Simone Rizkallah

Simone Rizkallah previously worked at St. Mary’s Catholic High School in Phoenix, Arizona as Theology Department Chair and Senior Theology Teacher. She is also an Institute of Catholic Theology Fellow based on the campus of St. Thomas the Apostle in Phoenix, Arizona.

Her graduate degree is in Theological Studies with an emphasis in Systematic Theology from Christendom College. Her undergraduate studies and professional background include marketing communications, media, radio, and theatre before discovering her passion for the Faith and the call to evangelize through teaching, speaking, and writing.

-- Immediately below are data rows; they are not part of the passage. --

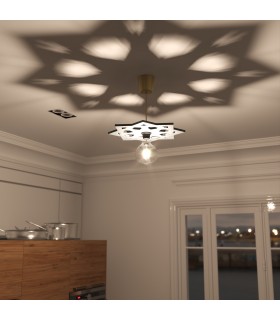 Lampara Techo Madera Celosia Árabe Decoración Andalusí - Artesanía Española - Modelo Jadila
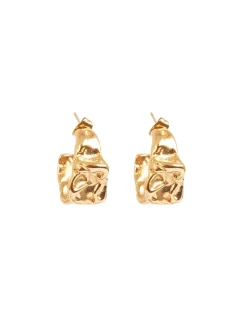 A&C OSLO EARRINGS CURLED CREOL 24MM STEEL 14K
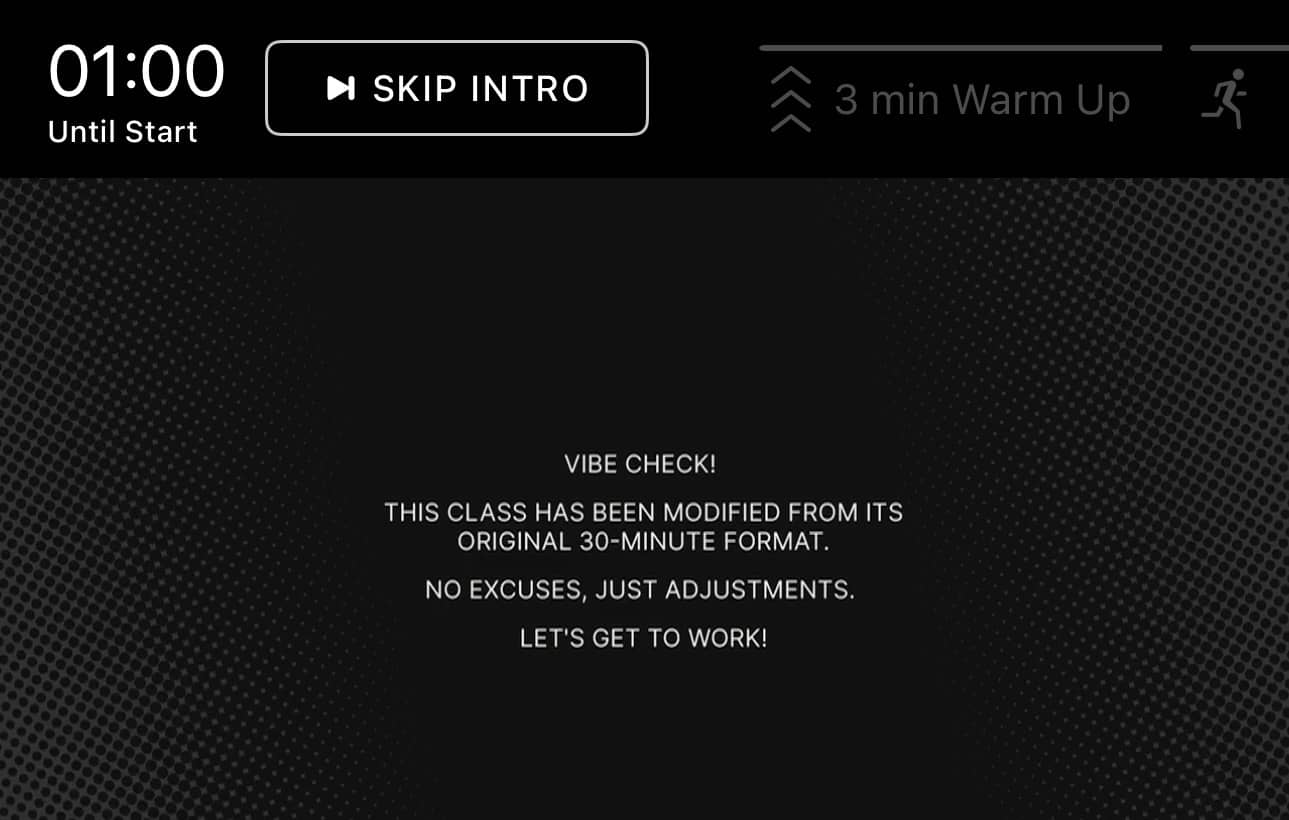 Peloton class disclaimer screen stating the Lil Jon run was modified from its original 30-minute format due to Peloton music licensing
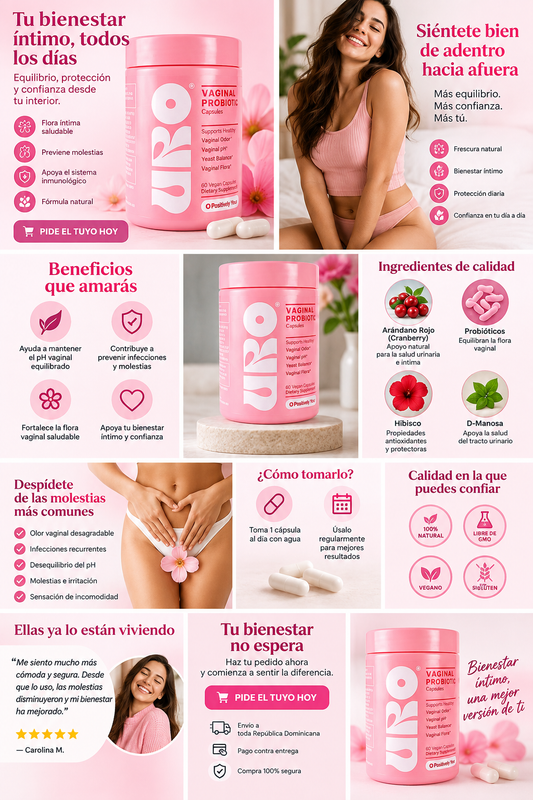 URO Probiótico Femenino – Equilibrio, Frescura y Bienestar Íntimo Todos los Días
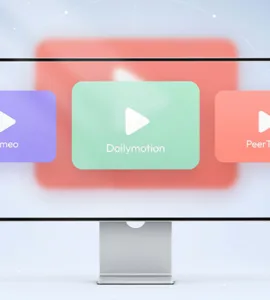 Alternative Youtube : image ou photo représentant un écran d’ordinateur au centre avec trois cartes vidéo représentant des plateformes alternatives comme Vimeo, Dailymotion et PeerTube.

As the daughter of immigrants from the Armenian Diaspora in Cairo, Egypt, she is an Eastern-Rite Catholic and also an Episcopal appointee of the Eparchial Directors of Religious Education (ECED). The ECED is a catechetical committee of Eastern Catholic directors of religious education appointed by the USCCB’s Eastern Catholic Association of Bishops (ECA).

In her free time she enjoys teaching RCIA, speaking and writing. She has been published in ChurchPOP, Aleteia, Verily, CatholicU, and Ethika Politika and was featured as a Guest Contributor in the book Road Signs for Catholic Teens published by Our Sunday Visitor. She blogs at www.culturalgypsy.com

About ENDOW

Simone Rizkallah, is the Director Of Program Growth At Endow (Educating on the Nature and Dignity of Women) seeks to educate women toward a more profound understanding of their God-given dignity through study in small group communities of faith and friendship. Rooted in the teachings of Pope St. John Paul II, Endow affirms the genius of women – the feminine genius – and empowers them to fulfill our culture’s desperate need for an authentic feminine presence in every aspect of life and society.

Endow attracts women of all ages, races, nationalities, and vocations and brings them together to read and discuss papal and magisterial documents as well as the lives and writings of the saints. Endow group members encounter the Catholic intellectual tradition together, sometimes for the very first time, and learn how to recognize, cultivate and live the fullness of their feminine genius in their families, workplaces, and communities.